Effects of miR-541 on neurite outgrowth during neuronal differentiation.

MicroRNA (miRNAs) are short non-coding RNA molecules that downregulate gene expression at post-transcriptional level. miRNAs are post-transcriptional regulators of gene expression important for neuron development and function. This report demonstrated that a putative and chemically synthesized miRNA rno-mir-541 played an important role in the neuron development. Differentiation of PC12 cells with nerve growth factor (NGF) is associated with neurite outgrowth, a process that involves upregulation of Synapsin I. We predicted, detected and assessed the expression levels of a number of possible miRNAs for synapsin I in rats and our outcomes showed that rno-mir-541 was associated with rat synapsin I expression. miR-541, a brain specific miRNA, plays an important role in repressing neurite extension in cultured PC12 neurons.

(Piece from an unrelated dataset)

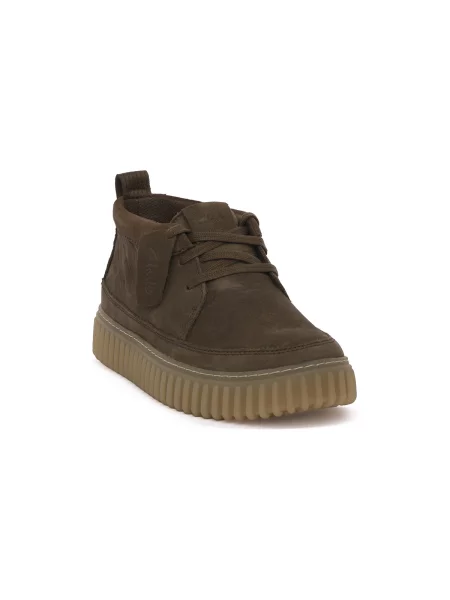 Pantofi Clarks din dantelă maro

The neurites of PC12 cells was shortened drasticly as a result of the overexpression of rno-mir-541. In contrast, the neurites of PC12 cell developed well after the knockdown of rno-mir-541 by RNA interference. Our study showed that rno-mir-541 played an important role in neuron-cell proliferation and neurite outgrowth through suppressing the expression of its target gene synapsin I. Furthermore, the introduction of NGF causes downregulation of miR-541, de-repression of its target, Synapsin-I and allows for neuritogenesis. Thus, miR-541 functions in neuronal precursors as an endogenous conditional component between NGF and Synapsin-I.